*The data:*
━━━
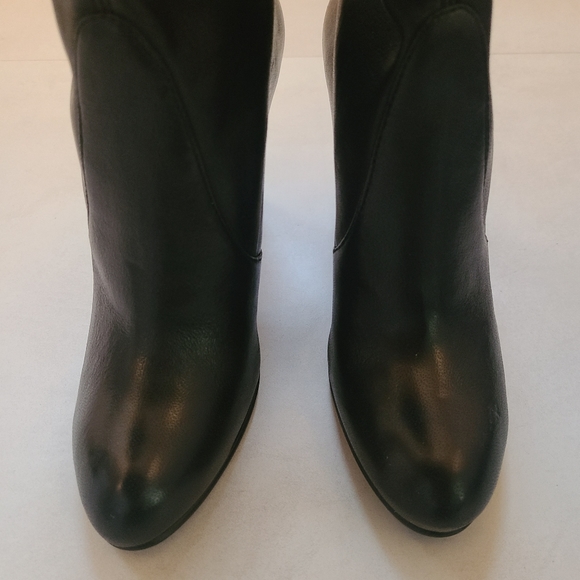 NEW Stuart Weitzman Highland Boots - Picture 5 of 10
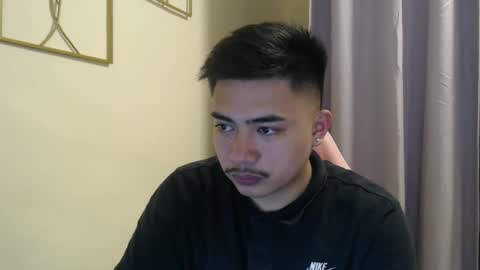 Snapshot of badboy_hanns chatting on October 12, 9:13 am HANNS online show from October 12, 9:13 am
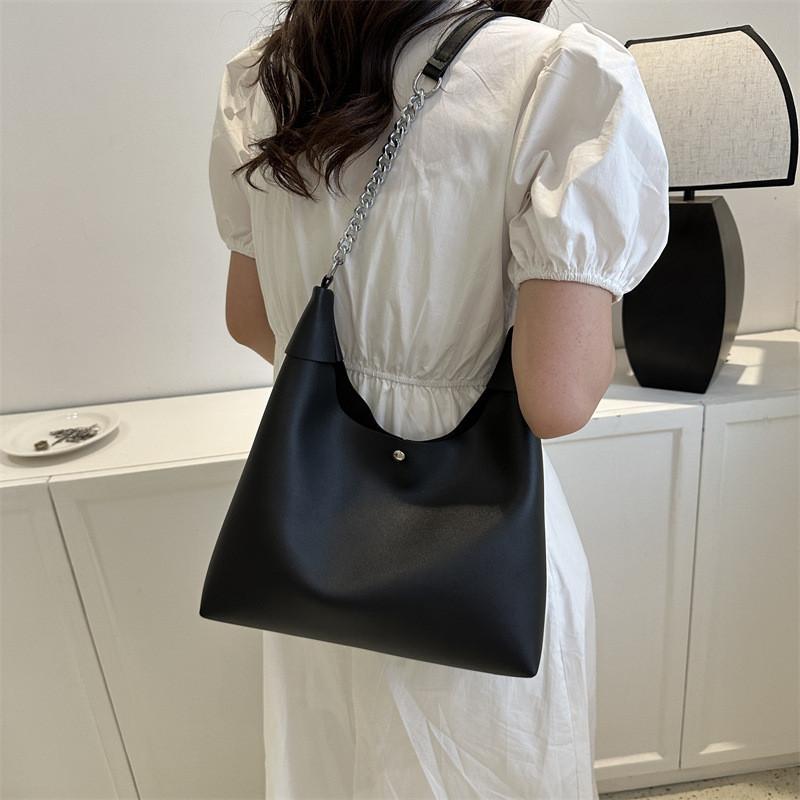 Trendy Pu Tote Bag In Fashionable Black White Or Khaki Ideal For Everyday Use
━━━
*What the task requires:*
Give back the whole listing exactly as it stands. No pictures belong in the copy.

*Written answer:*
 NEW Stuart Weitzman Highland Boots - Picture 5 of 10
 Snapshot of badboy_hanns chatting on October 12, 9:13 am HANNS online show from October 12, 9:13 am
 Trendy Pu Tote Bag In Fashionable Black White Or Khaki Ideal For Everyday Use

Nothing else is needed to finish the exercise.